■ TASK DIRECTIONS ■
Below are some records; find each line that carries the word "onclick" and copy it.

■ RAW DATA ■
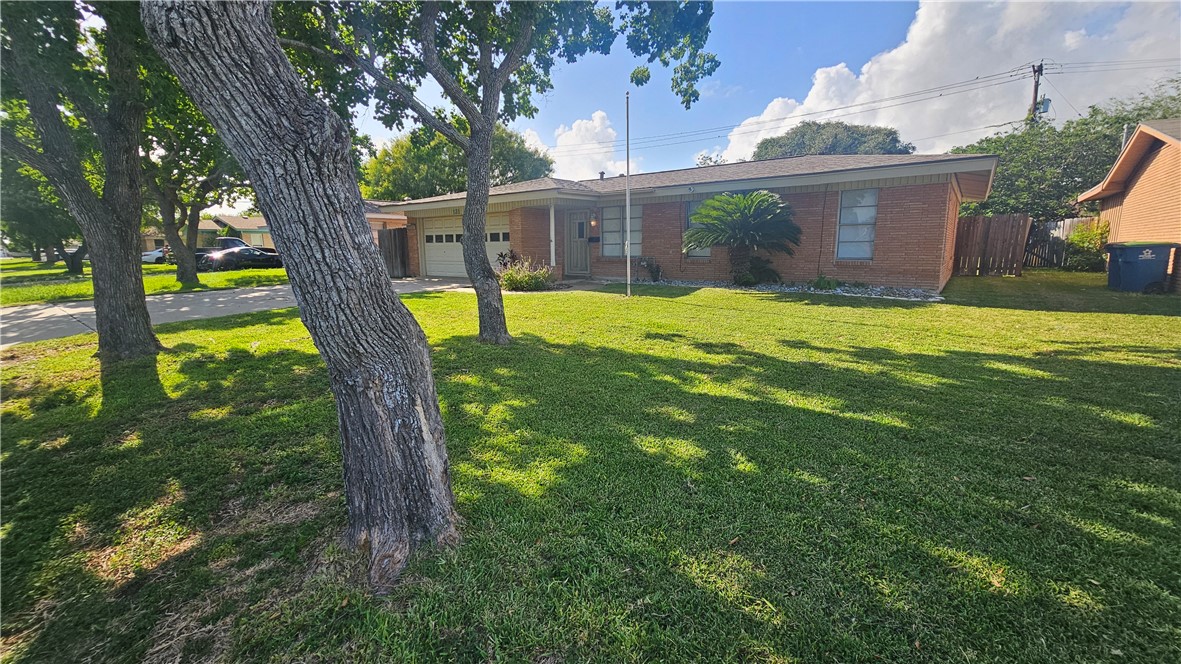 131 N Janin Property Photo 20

==

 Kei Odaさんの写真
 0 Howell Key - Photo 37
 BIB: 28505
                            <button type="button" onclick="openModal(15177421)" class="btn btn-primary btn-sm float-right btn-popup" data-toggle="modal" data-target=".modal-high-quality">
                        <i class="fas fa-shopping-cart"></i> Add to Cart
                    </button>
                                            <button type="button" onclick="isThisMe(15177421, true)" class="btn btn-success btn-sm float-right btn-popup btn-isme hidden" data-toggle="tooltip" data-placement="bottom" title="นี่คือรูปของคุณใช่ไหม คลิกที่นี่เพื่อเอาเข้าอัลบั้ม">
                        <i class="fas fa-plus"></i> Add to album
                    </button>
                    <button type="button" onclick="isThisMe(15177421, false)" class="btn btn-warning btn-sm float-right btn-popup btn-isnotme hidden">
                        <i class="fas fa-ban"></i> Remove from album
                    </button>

■ ANSWER TO THIS TASK ■
                            <button type="button" onclick="openModal(15177421)" class="btn btn-primary btn-sm float-right btn-popup" data-toggle="modal" data-target=".modal-high-quality">
                                            <button type="button" onclick="isThisMe(15177421, true)" class="btn btn-success btn-sm float-right btn-popup btn-isme hidden" data-toggle="tooltip" data-placement="bottom" title="นี่คือรูปของคุณใช่ไหม คลิกที่นี่เพื่อเอาเข้าอัลบั้ม">
                    <button type="button" onclick="isThisMe(15177421, false)" class="btn btn-warning btn-sm float-right btn-popup btn-isnotme hidden">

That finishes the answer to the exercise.